** Input material follows **

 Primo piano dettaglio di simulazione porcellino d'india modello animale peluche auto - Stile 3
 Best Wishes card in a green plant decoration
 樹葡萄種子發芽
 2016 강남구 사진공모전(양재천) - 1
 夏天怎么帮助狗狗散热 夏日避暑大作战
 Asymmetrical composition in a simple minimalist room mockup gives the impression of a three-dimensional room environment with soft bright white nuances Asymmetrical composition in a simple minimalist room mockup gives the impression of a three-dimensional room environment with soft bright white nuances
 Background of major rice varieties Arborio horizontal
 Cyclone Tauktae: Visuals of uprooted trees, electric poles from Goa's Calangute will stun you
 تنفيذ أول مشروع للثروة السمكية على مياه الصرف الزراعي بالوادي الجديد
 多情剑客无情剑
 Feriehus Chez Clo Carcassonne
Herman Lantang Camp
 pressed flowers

** End of Input material **
** Input material follows **

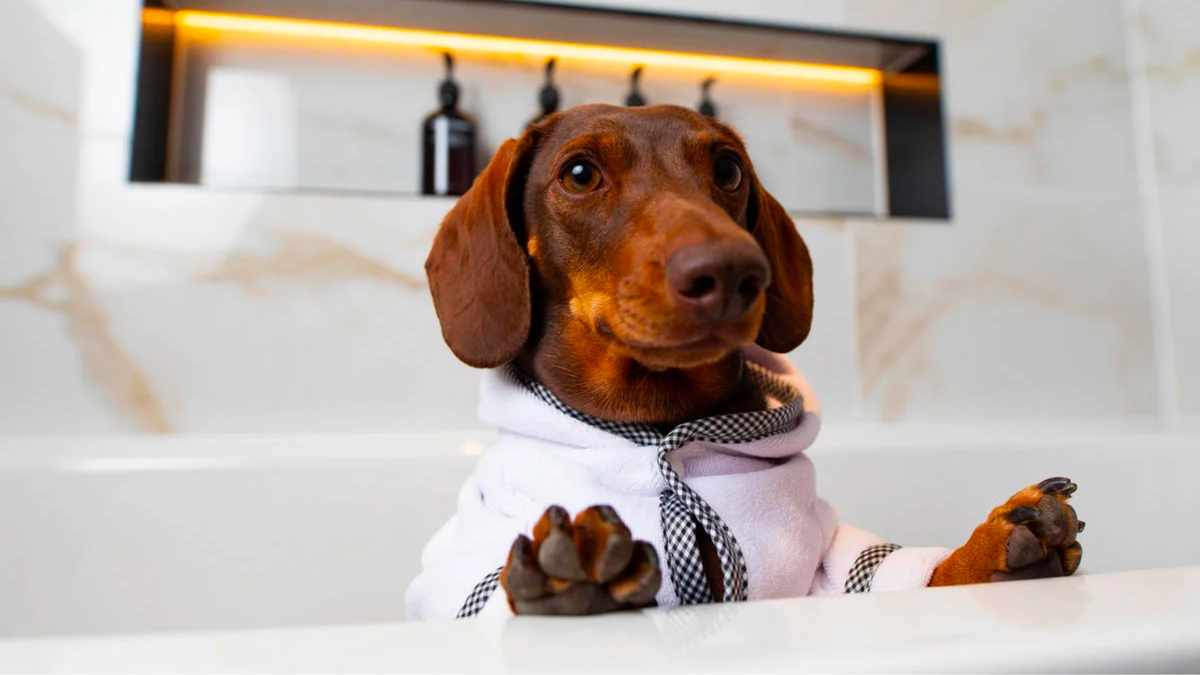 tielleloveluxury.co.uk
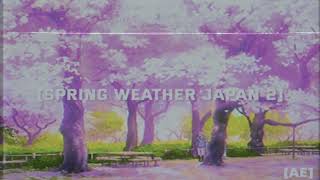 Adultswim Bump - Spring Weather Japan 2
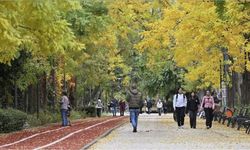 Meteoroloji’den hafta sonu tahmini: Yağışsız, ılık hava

** End of Input material **
** Input material follows **

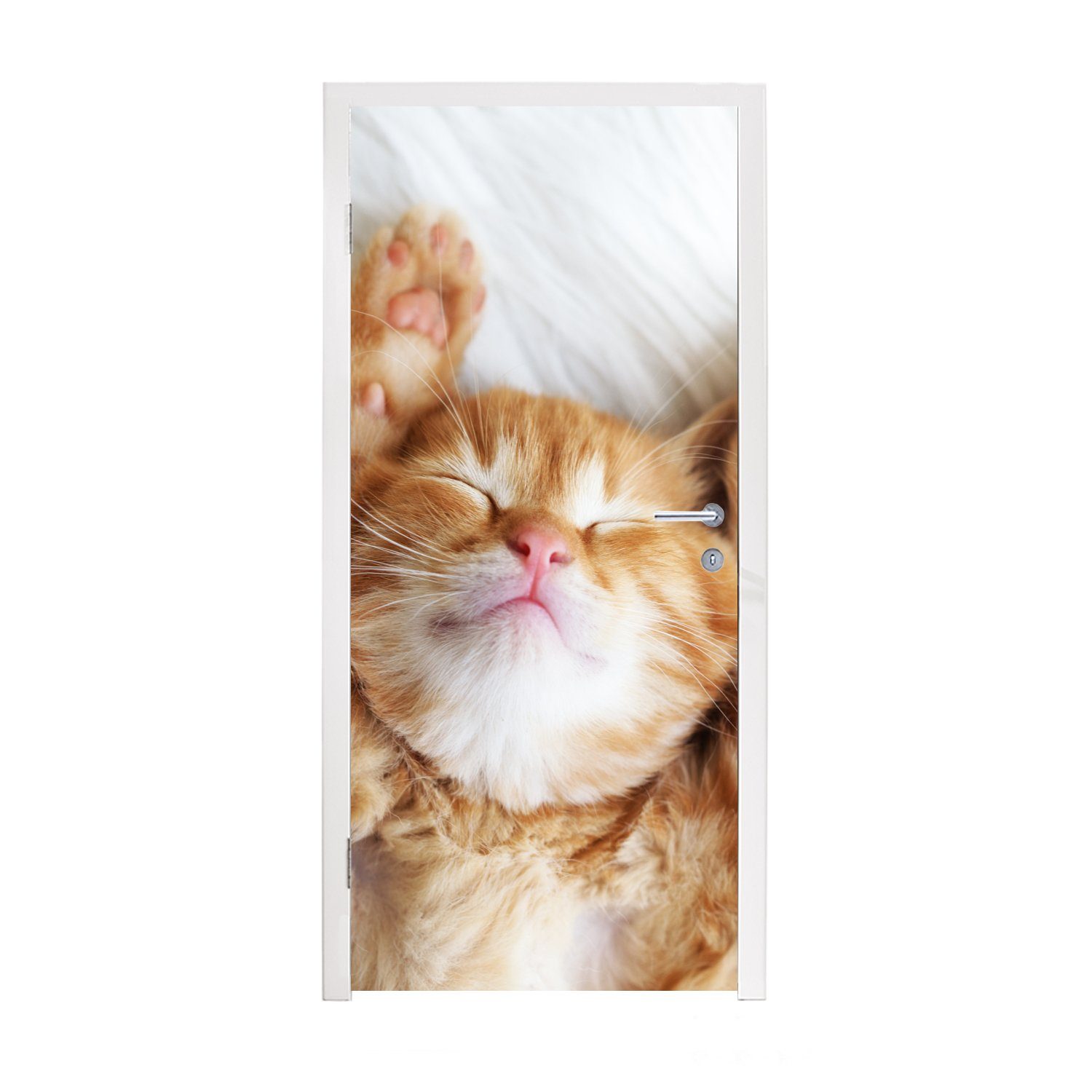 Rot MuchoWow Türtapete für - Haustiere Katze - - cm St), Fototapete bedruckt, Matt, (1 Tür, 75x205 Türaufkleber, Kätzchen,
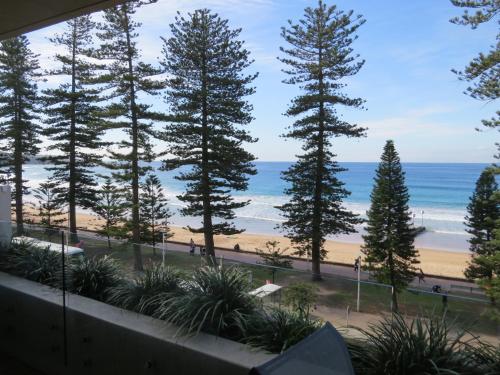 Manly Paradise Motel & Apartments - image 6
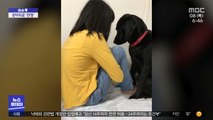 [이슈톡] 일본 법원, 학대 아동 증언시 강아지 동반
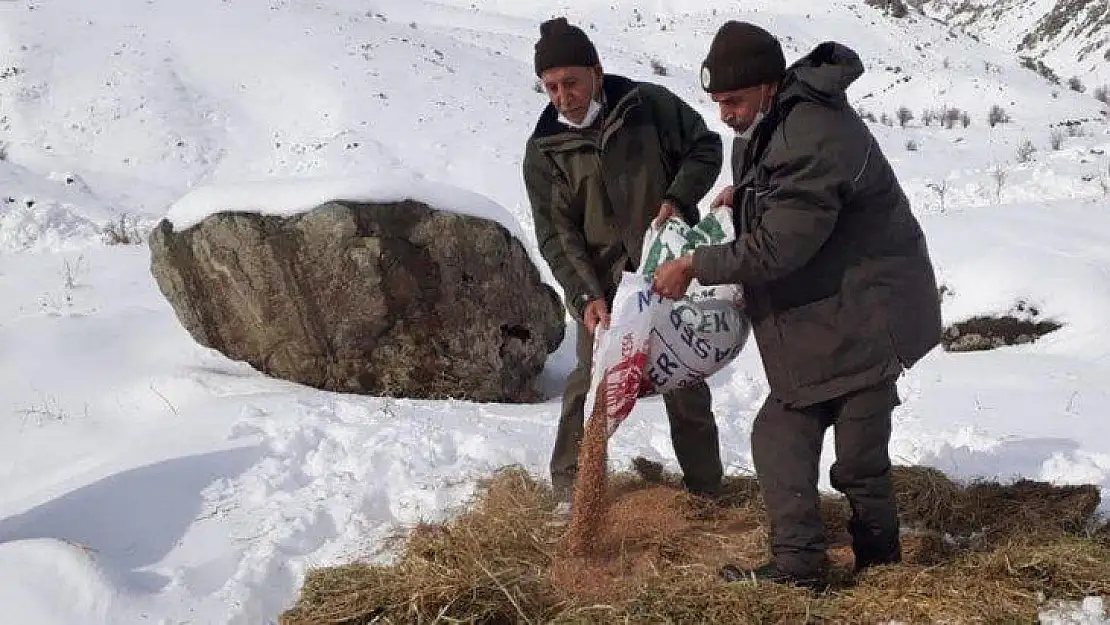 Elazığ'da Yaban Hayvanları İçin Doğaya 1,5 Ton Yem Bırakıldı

** End of Input material **

Give back exactly the lines of the listing above that run from the line with "Primo piano dettaglio" to the line with "夏天怎么帮助狗狗散热 夏日避暑大作战", inclusive.

 Primo piano dettaglio di simulazione porcellino d'india modello animale peluche auto - Stile 3
 Best Wishes card in a green plant decoration
 樹葡萄種子發芽
 2016 강남구 사진공모전(양재천) - 1
 夏天怎么帮助狗狗散热 夏日避暑大作战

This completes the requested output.